+++ Entries supplied +++

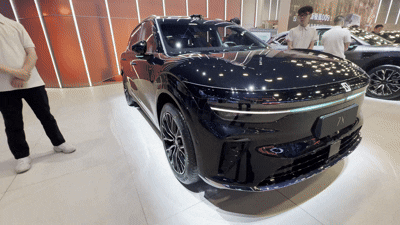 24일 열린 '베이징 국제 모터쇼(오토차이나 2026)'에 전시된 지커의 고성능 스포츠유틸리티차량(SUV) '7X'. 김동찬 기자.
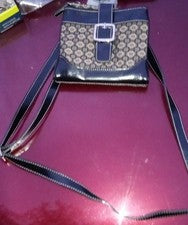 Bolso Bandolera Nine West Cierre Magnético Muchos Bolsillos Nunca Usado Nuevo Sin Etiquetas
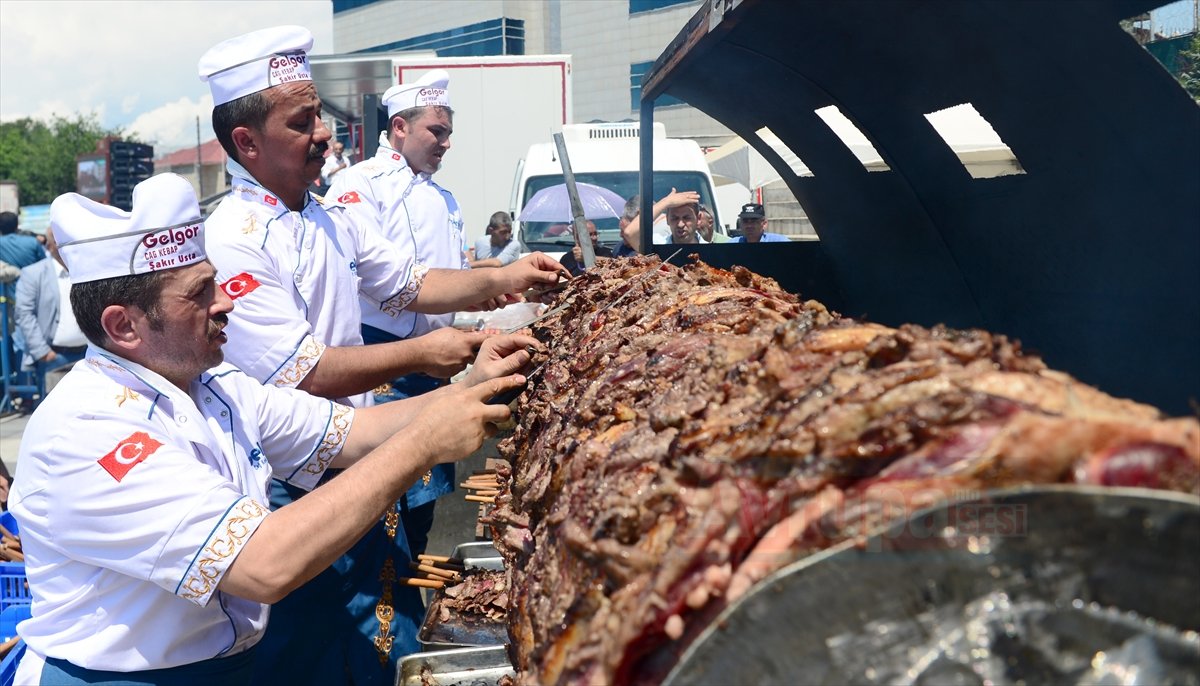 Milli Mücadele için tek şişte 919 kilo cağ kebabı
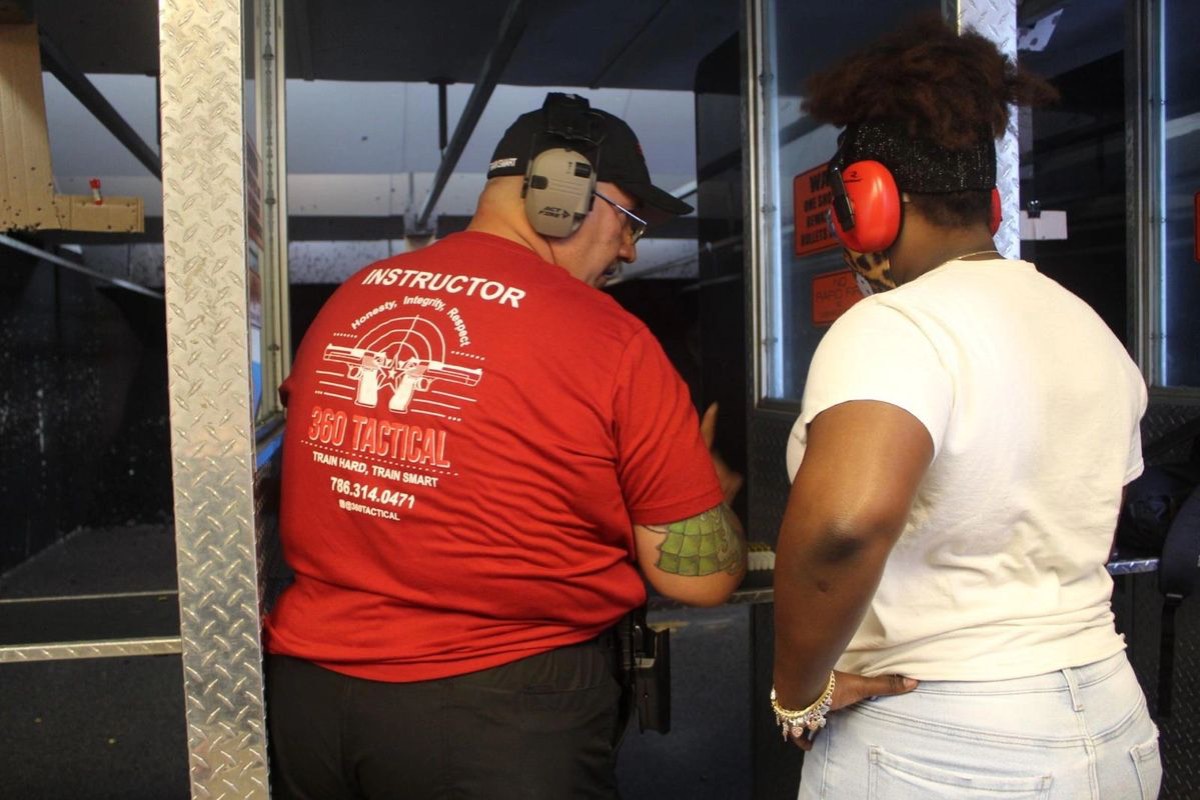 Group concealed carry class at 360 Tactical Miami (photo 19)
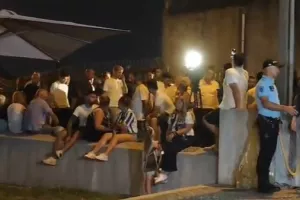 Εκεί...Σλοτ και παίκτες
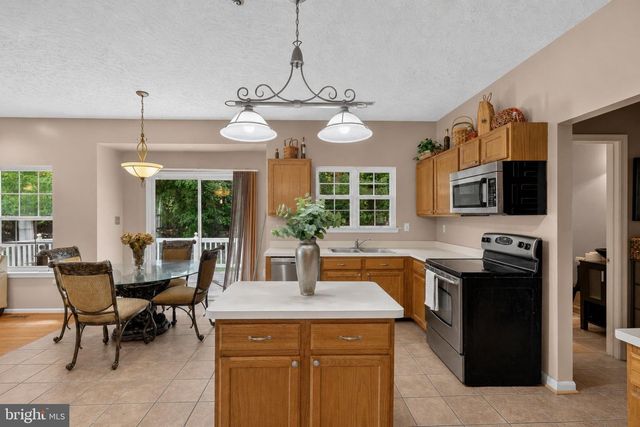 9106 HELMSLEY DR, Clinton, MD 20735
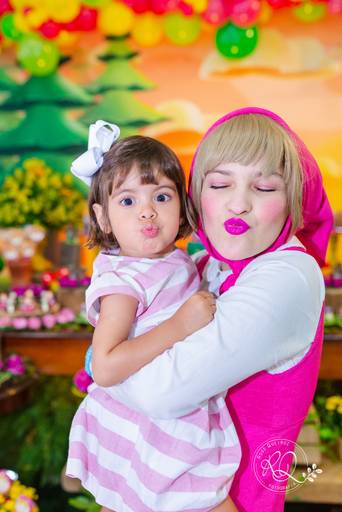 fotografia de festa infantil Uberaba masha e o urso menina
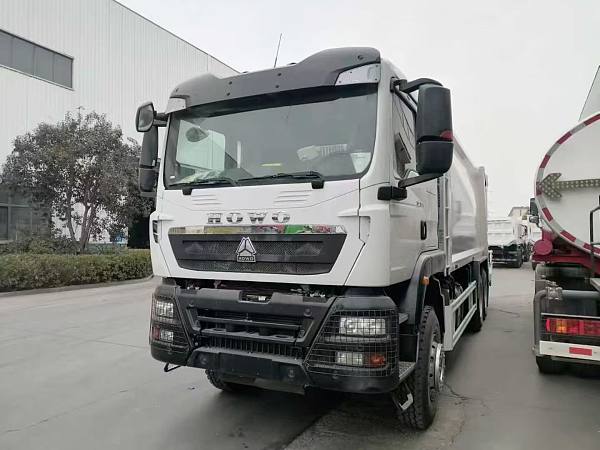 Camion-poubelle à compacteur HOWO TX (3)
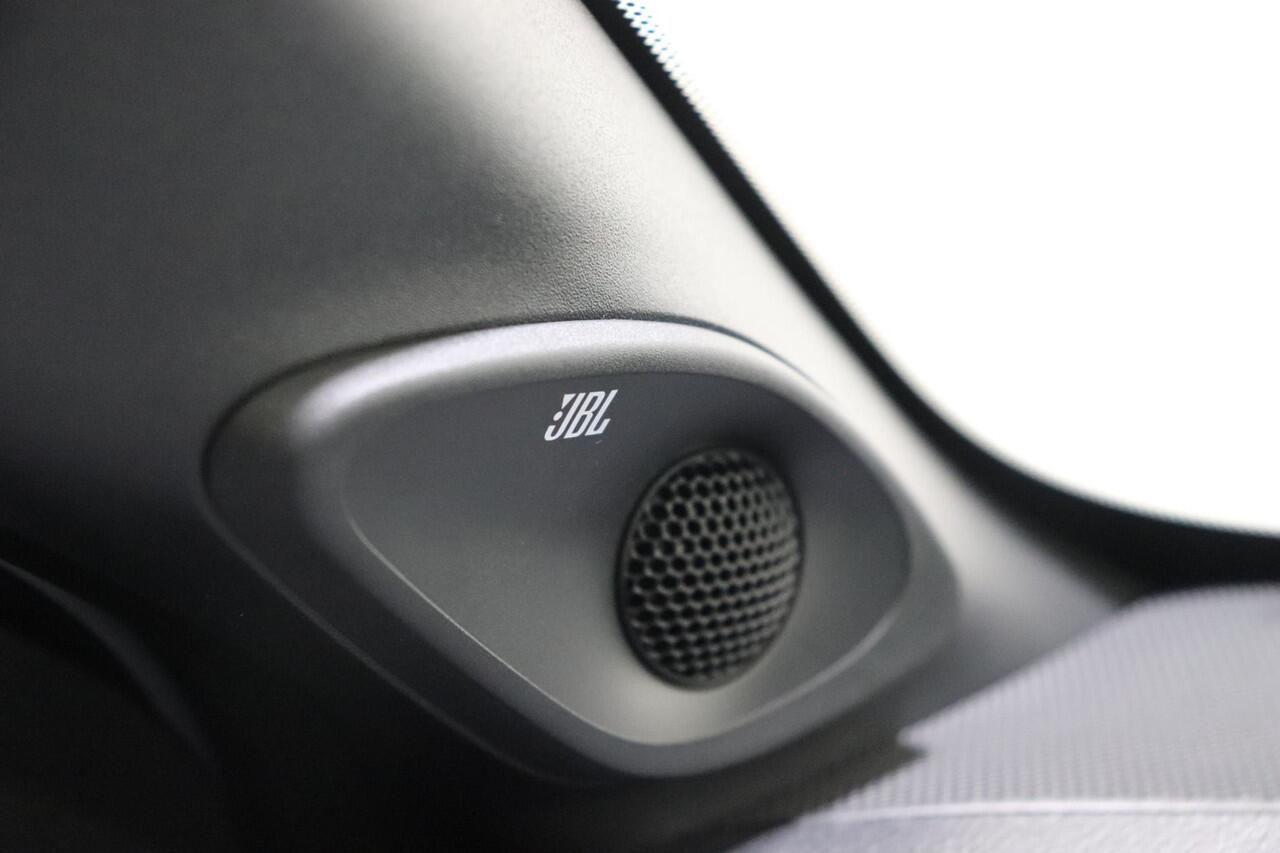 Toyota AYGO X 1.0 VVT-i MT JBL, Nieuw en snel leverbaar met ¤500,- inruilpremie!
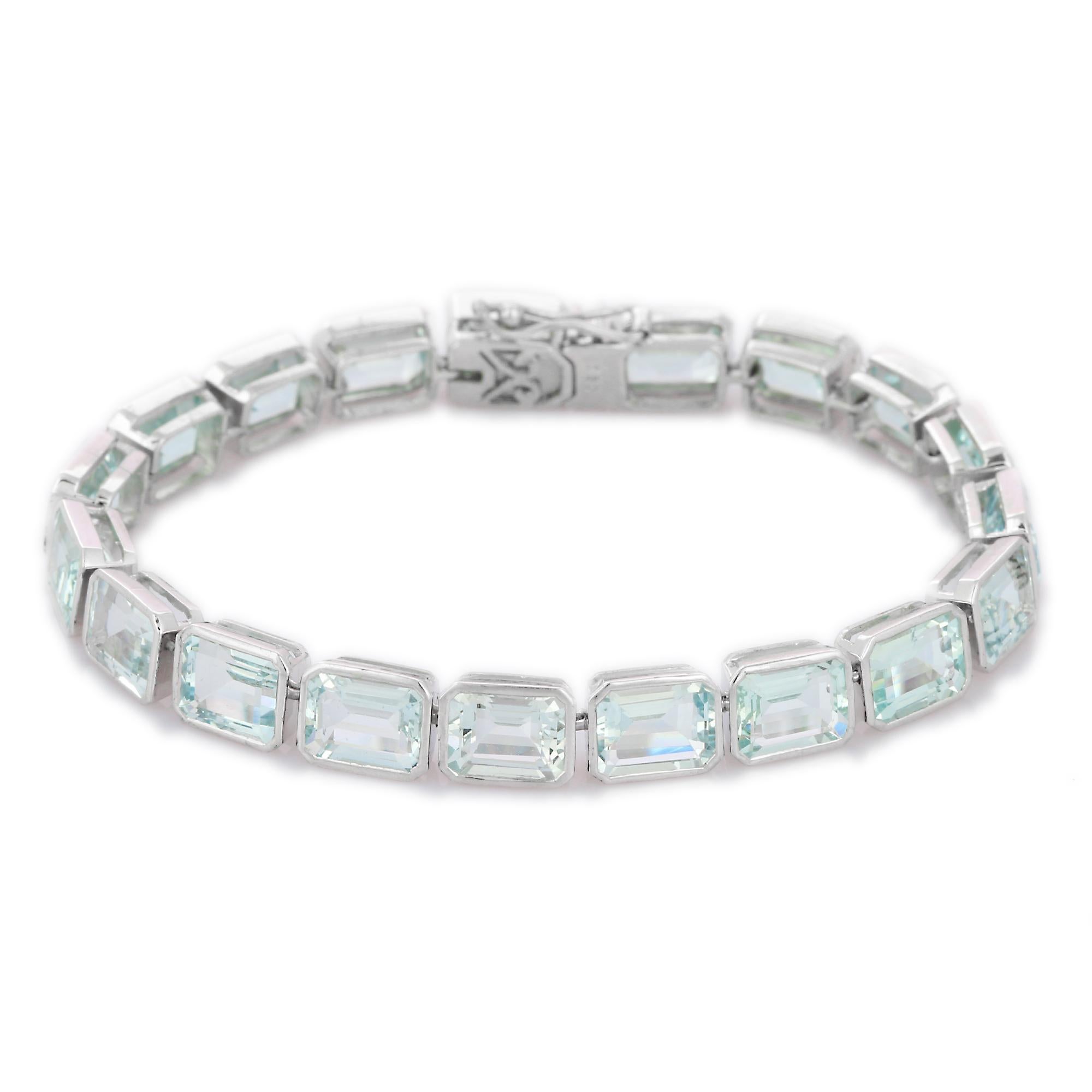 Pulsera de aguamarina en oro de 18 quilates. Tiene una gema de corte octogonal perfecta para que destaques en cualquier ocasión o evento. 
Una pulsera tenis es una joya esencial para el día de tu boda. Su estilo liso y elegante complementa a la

+++

#### What to work on:
Look above for the line with "Group concealed carry" and the line with "Toyota AYGO X". Copy them and every line between, exactly, but no pictures.

#### Result:
 Group concealed carry class at 360 Tactical Miami (photo 19)
 Εκεί...Σλοτ και παίκτες
 9106 HELMSLEY DR, Clinton, MD 20735
 fotografia de festa infantil Uberaba masha e o urso menina
 Camion-poubelle à compacteur HOWO TX (3)
 Toyota AYGO X 1.0 VVT-i MT JBL, Nieuw en snel leverbaar met ¤500,- inruilpremie!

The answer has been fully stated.